Our findings thus question the importance of long distance dispersal and its role in colonization. How can a species with dispersal seemingly so constrained by geographic distance achieve such a widespread distribution? One possible explanation is the ability of S. alba to withstand higher inundation and salinity, which results in its niche occupancy at lower intertidal zones. Being close to the seafront means that the propagules of S. alba are more accessible to the open ocean and are hence easily dispersed by outgoing tides. Indeed, local retention due to physical barriers is a main impediment for dispersal in the marine environment [55]. In mangroves, local retention by trapping agents (e.g., mangrove aerial roots) could be so limiting as to influence dispersal distance, dispersal patterns [56] and even the zonation of vegetation [57]. In addition to being at the seafront, S. alba has one of the smallest propagules among mangrove species, hence it is likely that S. alba propagules experience low local retention and a high possibility of dispersal beyond the population.

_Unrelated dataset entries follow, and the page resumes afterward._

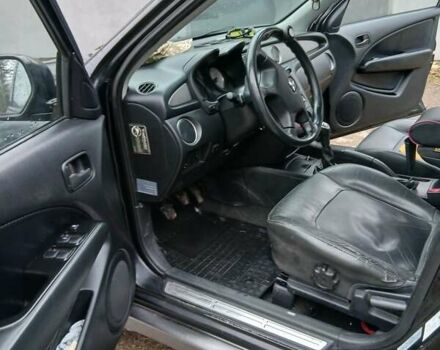 Черный Мицубиси Аутлендер, объемом двигателя 2 л и пробегом 395 тыс. км за 5200 $, фото 5 на Automoto.ua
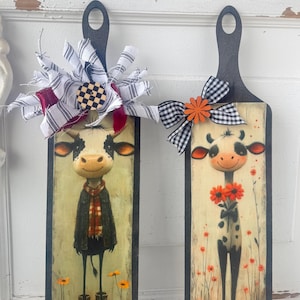May include: Two decorative wooden cutting boards with black handles. Each board features a whimsical cow illustration. One cow wears a scarf and boots, the other holds flowers. Both boards have decorative bows.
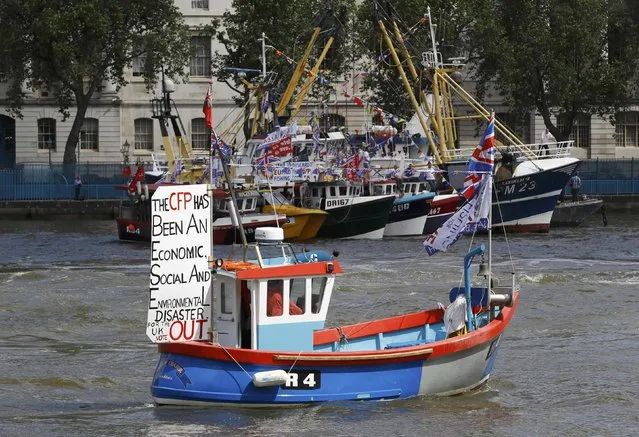 A boat forming part of a flotilla of fishing vessels campaigning to leave the European Union sails up the river Thames in London, Britain June 15, 2016. (Photo by Stefan Wermuth/Reuters)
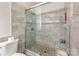 Bathroom featuring a glass-enclosed marble tile shower with rainfall shower head at 4036 Sawmill Trace Dr, Charlotte, NC 28213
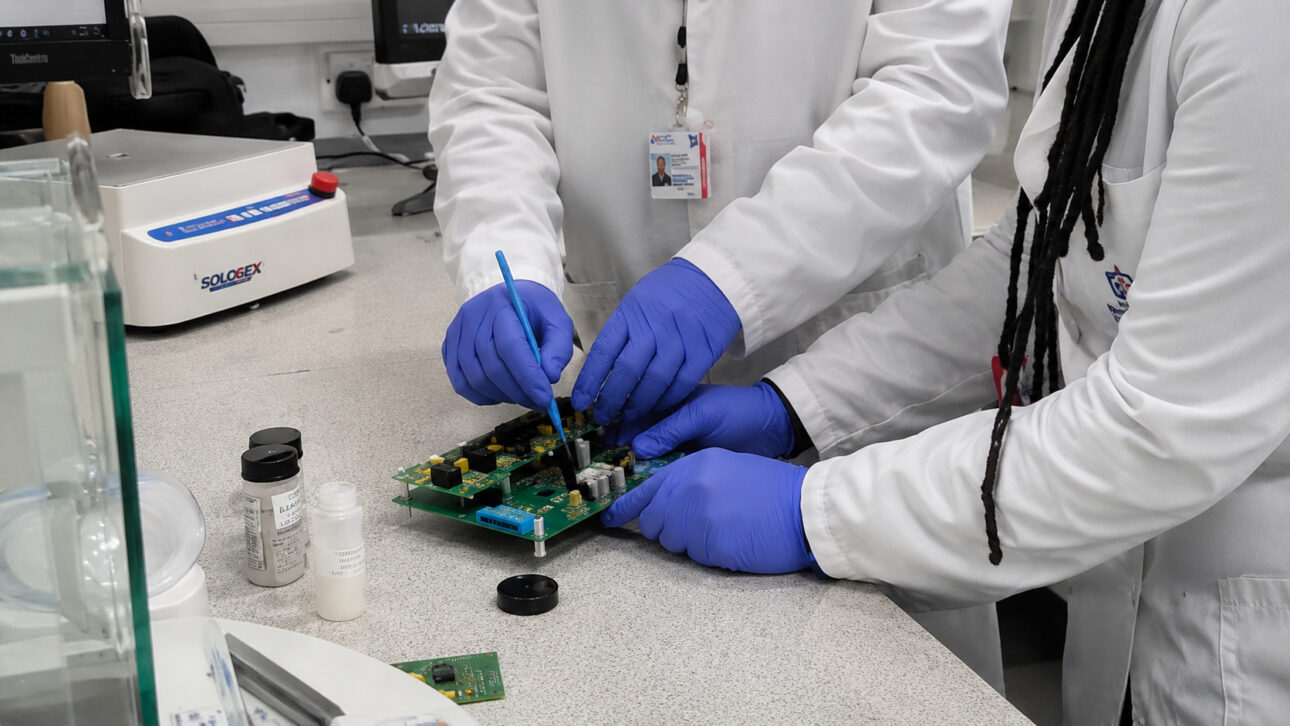 Pesquisadores realizam testes em uma placa eletrônica utilizando tecnologia de cola condutora reversível desenvolvida para substituir a solda tradicional e facilitar a reciclagem de componentes.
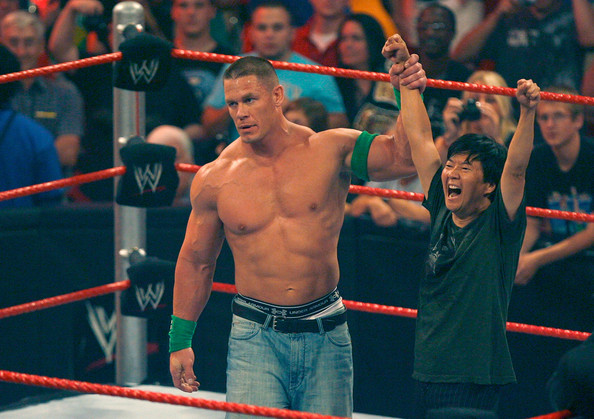  John Cena poses with Ken Jeong during the actor's appearance on Raw in 2009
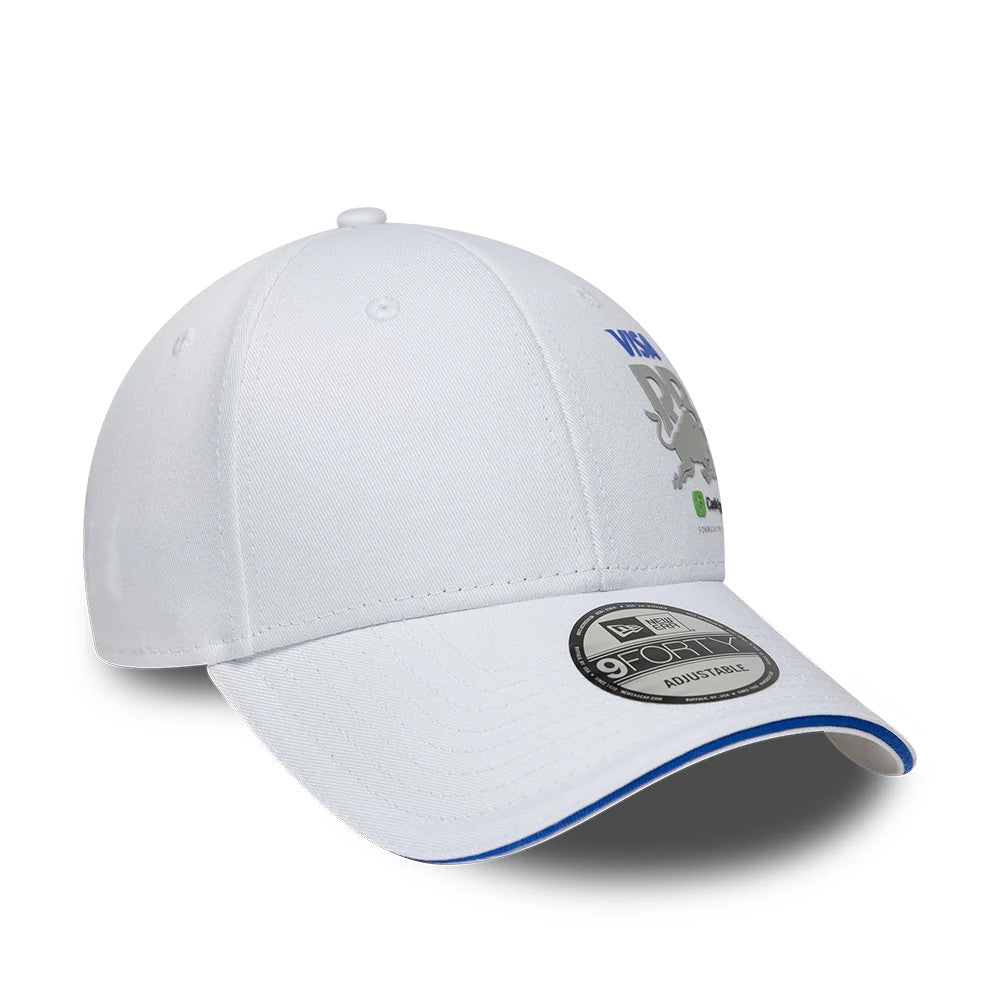 Visa Cash App Racing Bulls Essential White New Era 9FORTY Adjustable Cap, three-quarter view showing a grey and blue embroidered bull with a Visa logo on the front panel, curved white visor with blue trim, and 9FORTY size sticker.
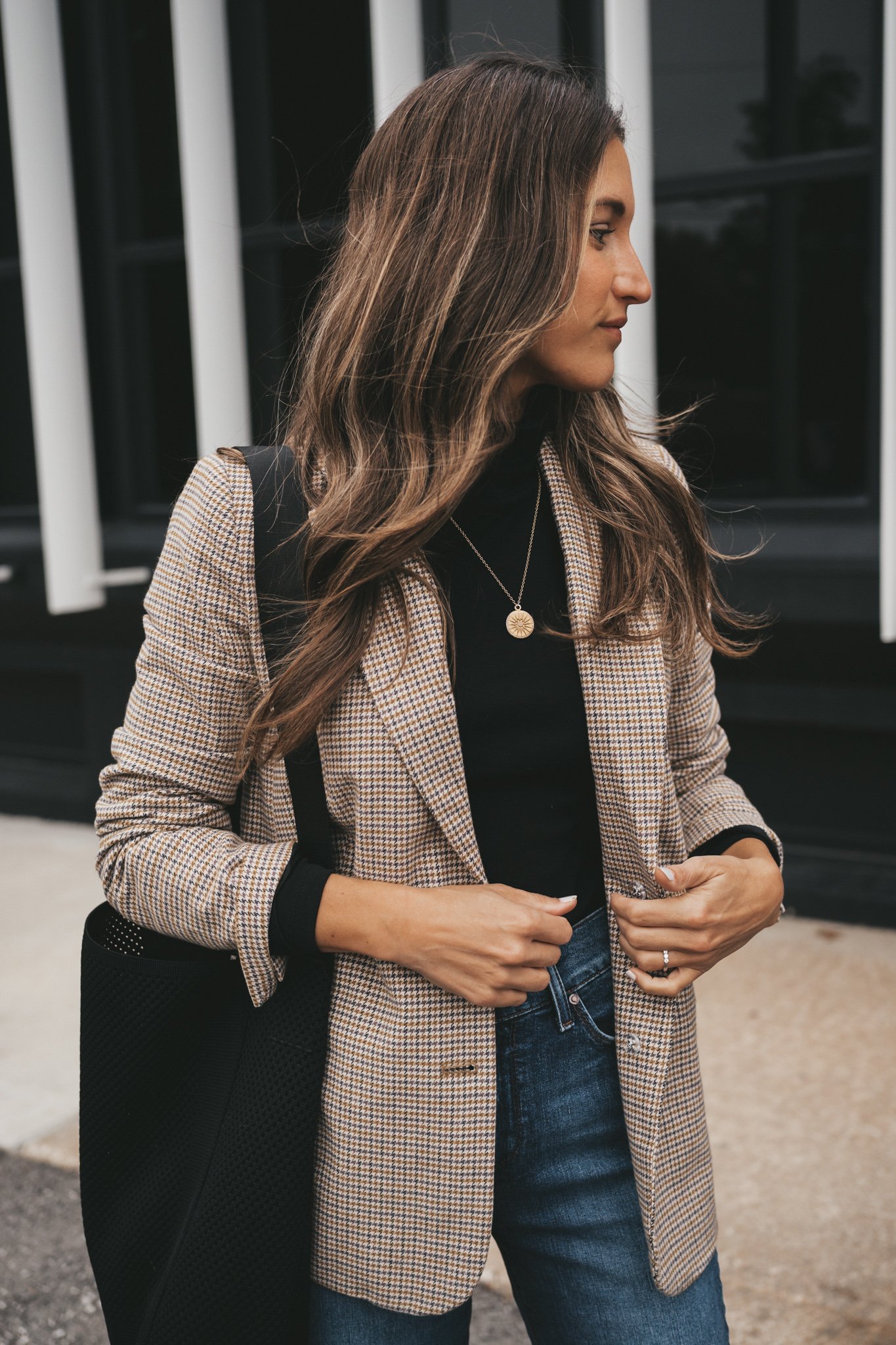 a black turtleneck outfit with a plaid blazer, dark wash denim, and a black bag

Another factor that could contribute to the widespread distribution of S. alba is its high fecundity. The sea dispersal syndrome can be exceptionally successful for colonization [58], which can occur even with very small number of founding individuals [59]. Long distance dispersal by chance has been detected in propagules with limited dispersal capabilities, often by means of rafting [60]. Although S. alba propagules may have low buoyancy, their high numbers increase the chance of rare long distance dispersal events. The highly local gene dispersal found in S. alba thus highlights the potential importance of ecological traits such as niche occupancy at the lower intertidal zone, small propagule size and high fecundity to counteract the effects of limited dispersal distance, resulting in S. alba being one of the most successful mangrove species.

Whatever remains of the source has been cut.